#### Task requirements:
In the data below, find the line that contains "11location pied dans l'eau corse" and the line that contains "a long blank and grey skirt!". Copy both, plus every line between them, exactly.

** Opening Extracted records block **

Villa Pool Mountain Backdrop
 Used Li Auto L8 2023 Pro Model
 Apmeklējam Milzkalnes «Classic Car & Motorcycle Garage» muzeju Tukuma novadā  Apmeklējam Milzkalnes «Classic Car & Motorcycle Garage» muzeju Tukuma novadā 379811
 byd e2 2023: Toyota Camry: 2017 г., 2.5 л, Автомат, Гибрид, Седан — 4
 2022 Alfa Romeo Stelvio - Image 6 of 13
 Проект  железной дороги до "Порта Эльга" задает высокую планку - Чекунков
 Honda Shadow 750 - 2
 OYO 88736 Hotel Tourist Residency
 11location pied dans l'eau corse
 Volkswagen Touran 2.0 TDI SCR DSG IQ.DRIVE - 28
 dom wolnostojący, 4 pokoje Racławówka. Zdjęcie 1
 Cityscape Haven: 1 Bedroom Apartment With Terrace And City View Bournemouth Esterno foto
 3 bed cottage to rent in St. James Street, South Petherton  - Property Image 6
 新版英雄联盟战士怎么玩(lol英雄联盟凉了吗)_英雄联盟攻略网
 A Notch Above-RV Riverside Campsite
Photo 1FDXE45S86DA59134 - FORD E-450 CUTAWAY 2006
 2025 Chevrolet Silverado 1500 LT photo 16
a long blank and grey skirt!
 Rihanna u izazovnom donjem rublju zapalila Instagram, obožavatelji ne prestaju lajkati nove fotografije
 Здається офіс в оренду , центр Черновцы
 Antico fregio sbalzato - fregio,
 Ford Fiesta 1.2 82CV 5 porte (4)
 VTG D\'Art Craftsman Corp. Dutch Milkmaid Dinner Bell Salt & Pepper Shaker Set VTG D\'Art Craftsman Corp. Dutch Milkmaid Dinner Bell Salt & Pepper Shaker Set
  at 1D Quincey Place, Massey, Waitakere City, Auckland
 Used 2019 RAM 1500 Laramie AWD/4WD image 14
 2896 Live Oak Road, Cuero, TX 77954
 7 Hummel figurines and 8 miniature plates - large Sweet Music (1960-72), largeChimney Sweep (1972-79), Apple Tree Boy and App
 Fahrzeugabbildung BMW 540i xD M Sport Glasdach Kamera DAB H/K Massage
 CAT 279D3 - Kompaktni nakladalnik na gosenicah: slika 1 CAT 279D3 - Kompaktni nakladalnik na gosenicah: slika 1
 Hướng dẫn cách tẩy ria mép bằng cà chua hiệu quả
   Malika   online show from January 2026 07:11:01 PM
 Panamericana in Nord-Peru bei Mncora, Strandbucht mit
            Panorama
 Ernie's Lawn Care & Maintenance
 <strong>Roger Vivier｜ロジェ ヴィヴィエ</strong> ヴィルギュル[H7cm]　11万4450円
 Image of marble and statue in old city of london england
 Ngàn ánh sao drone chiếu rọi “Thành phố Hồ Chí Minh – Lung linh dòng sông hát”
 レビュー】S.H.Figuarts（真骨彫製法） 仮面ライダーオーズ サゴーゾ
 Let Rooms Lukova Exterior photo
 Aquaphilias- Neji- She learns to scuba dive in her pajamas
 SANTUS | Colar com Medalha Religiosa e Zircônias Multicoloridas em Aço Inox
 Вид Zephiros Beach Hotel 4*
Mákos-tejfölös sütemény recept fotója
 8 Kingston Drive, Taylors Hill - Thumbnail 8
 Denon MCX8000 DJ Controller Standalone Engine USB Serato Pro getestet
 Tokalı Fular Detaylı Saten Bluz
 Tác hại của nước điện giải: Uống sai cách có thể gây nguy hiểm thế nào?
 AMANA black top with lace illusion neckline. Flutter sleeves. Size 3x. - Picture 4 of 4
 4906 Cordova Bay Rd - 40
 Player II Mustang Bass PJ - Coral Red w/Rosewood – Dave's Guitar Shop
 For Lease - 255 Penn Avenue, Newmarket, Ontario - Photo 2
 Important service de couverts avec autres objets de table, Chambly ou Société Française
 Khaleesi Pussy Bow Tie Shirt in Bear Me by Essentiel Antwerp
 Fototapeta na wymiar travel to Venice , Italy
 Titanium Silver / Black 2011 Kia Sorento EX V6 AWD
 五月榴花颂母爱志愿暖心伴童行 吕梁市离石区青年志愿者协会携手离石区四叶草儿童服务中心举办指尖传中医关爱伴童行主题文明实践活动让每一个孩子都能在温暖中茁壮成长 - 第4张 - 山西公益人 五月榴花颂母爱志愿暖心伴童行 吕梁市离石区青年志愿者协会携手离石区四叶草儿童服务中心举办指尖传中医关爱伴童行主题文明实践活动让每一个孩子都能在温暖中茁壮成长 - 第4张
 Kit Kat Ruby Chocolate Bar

** Closing Extracted records block **

#### Answer to this exercise:
 11location pied dans l'eau corse
 Volkswagen Touran 2.0 TDI SCR DSG IQ.DRIVE - 28
 dom wolnostojący, 4 pokoje Racławówka. Zdjęcie 1
 Cityscape Haven: 1 Bedroom Apartment With Terrace And City View Bournemouth Esterno foto
 3 bed cottage to rent in St. James Street, South Petherton  - Property Image 6
 新版英雄联盟战士怎么玩(lol英雄联盟凉了吗)_英雄联盟攻略网
 A Notch Above-RV Riverside Campsite
Photo 1FDXE45S86DA59134 - FORD E-450 CUTAWAY 2006
 2025 Chevrolet Silverado 1500 LT photo 16
a long blank and grey skirt!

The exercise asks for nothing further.